Only the lines from the one with "Alberta Ferretti Minigonna" to the end of the data below should be given again, exactly, with both ends included and pictures omitted.

## Crawled caption data
^^^^^^^^

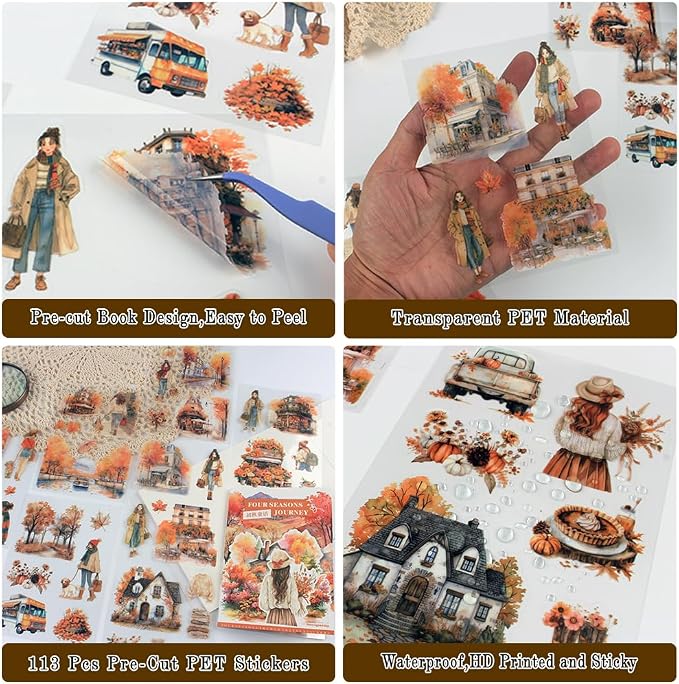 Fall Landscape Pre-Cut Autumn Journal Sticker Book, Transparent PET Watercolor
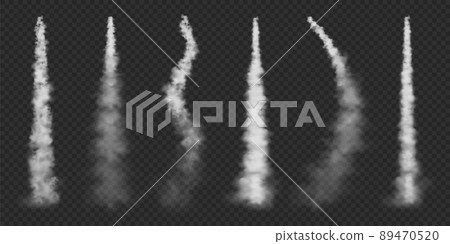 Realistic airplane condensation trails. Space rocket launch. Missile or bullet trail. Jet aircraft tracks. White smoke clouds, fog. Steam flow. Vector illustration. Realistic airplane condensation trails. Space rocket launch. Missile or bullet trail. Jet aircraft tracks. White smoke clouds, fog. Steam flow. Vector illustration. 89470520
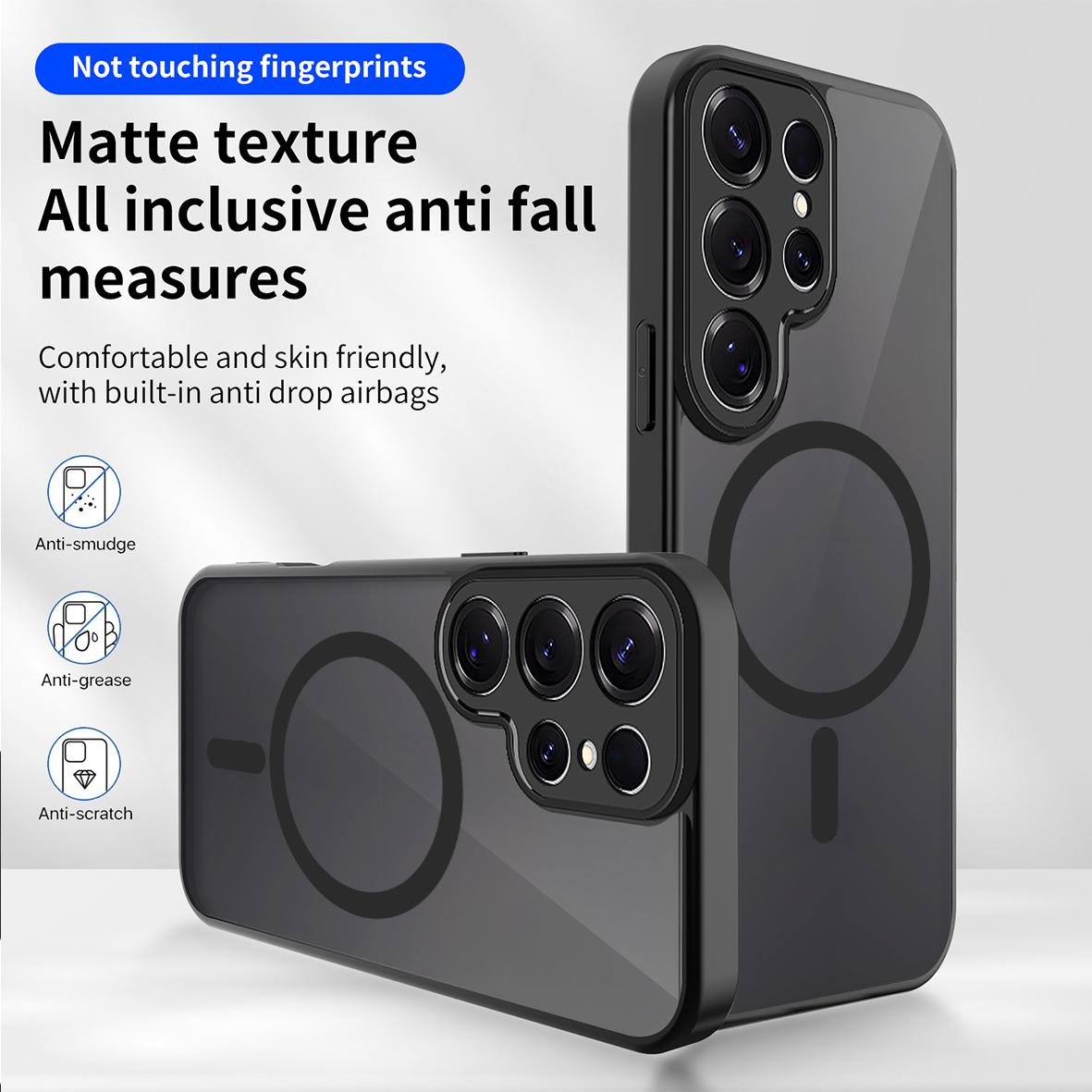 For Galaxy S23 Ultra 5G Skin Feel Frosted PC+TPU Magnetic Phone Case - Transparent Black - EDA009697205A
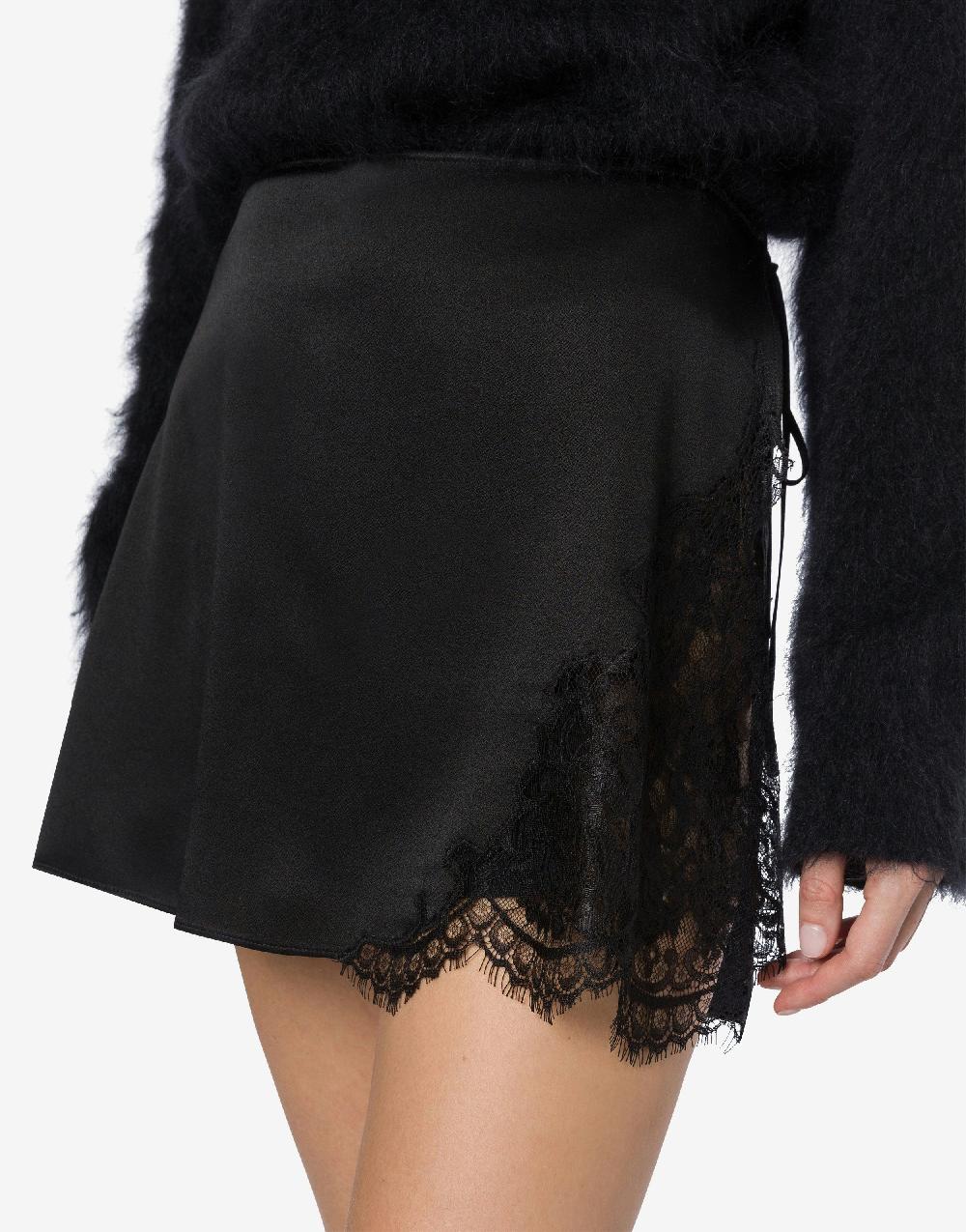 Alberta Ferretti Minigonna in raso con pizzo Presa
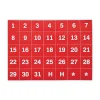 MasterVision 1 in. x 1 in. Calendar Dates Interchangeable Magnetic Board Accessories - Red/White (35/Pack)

^^^^^^^^

## Output of the task
 Alberta Ferretti Minigonna in raso con pizzo Presa
 MasterVision 1 in. x 1 in. Calendar Dates Interchangeable Magnetic Board Accessories - Red/White (35/Pack)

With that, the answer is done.